Tuesday, March 24, 2009

Toys Dinosaurs and Sir Kenneth Robinson

My son has a lucky dinosaur. He keeps it in his sock drawer and pulls it out when we play board games. His mother says that when she found it she "knew it was his lucky dinosaur." We have started to move him towards considering that maybe HE is lucky. I think he is starting to believe us.

I hope he starts to internalize this idea because it may help him find his bliss. I say this because being "lucky" is one of those ephemeral traits that seem to surround successful people. I just finished reading The Element by Sir Kenneth Robinson and turns out that being "lucky" is one of the traits that can help you find and inhabit your "element." Luck is the ability to be open to opportunities, to act on opportunities, and to turn misfortune into opportunity.

When we start to describe luck this way it becomes much less about superstition and much more of a creative skill. It is this type of thinking that Sir Ken Robinson is known for exploring.

Reading The Element is like reading a transcript of the conversation between your heart, your head, and your education. Only this time, your heart wins the argument. Ken Robinson tells us all the things that we told ourselves before we were "tracked" or Myers-Briggs'ed into groups for easier classification. This time though, your heart has some heavy-duty research behind its case.

In The Element, Robinson argues that schooling, as a system, is like a machine that dehumanizes kids by trying to stuff them into boxes instead of helping them to find their potential as human beings. He says schooling is all about society and not about the kids. Through stories of many exceptional people, Robinson describes what might have happened if famous and successful people had listened to their parents, or their teachers, or their Myers-Briggs for that matter.

If so-and-so had listened to the teacher who said, "You’re good at ____ so you should become a ____," they never would have become the creator of The Simpsons or the author of The Alchemist or the winner of the 1970 Nobel Prize for Economics. The key is that these individuals discovered their true passion, realized their aptitude, and stuck to it, sometimes in the face of their education and in spite of a community or a society that didn't buy it.

The trouble with schooling, according to The Element, is that schools do not ask the right questions. Schools today are built on the question, "How smart are you?" Robinson says we should be asking, "How are you smart?"

TheelementIf schools were organized around identifying and supporting students' finding their "element," teaching and learning would look much different than it does now. "The Element is the meeting point of natural aptitude and personal passion," he concludes.

I have to say I can relate to this book. There is this feeling I get when I am painting and sometimes when I am teaching. Actually, it is not so much a feeling as place I feel like I inhabit. This feeling of being in flow. It seems to be a state that almost all people are able to reach. But in society there is a meta-story that seems false to me about what creativity is and means. Many times creativity is seen as a gift from a higher power, something out of the ordinary.

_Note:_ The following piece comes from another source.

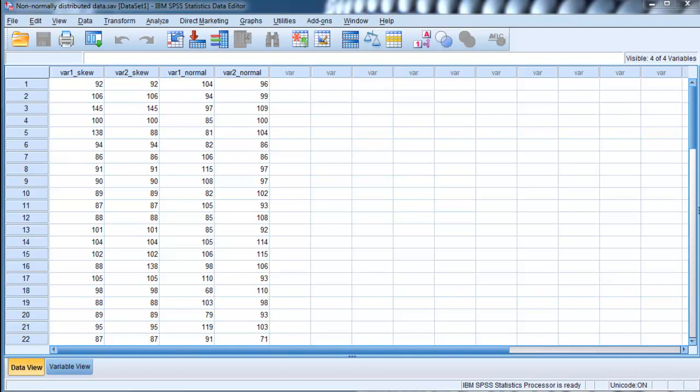As well as the difference between normally distributed data and non-normally distributed data, because that's when bootstrapping really becomes very useful - when you have particularly non-normally distributed data.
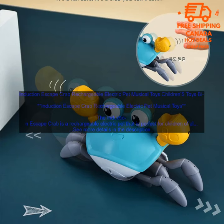Here are some of the benefits of the Induction Escape Crab. It is a fun and educational toy for children of all ages. It encourages children to learn how to play and interact with their surroundings.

In Robinson's view, creativity is what happens when aptitude and passion find each other. It is what students will need to tap into in order to be successful in the unknown future. Robinson says "it would be wise" to support students in identifying and pursuing their element, rather than a particular career or a set of marketable skills, because the only thing we can be sure of is that the future will be different than the world we live in today.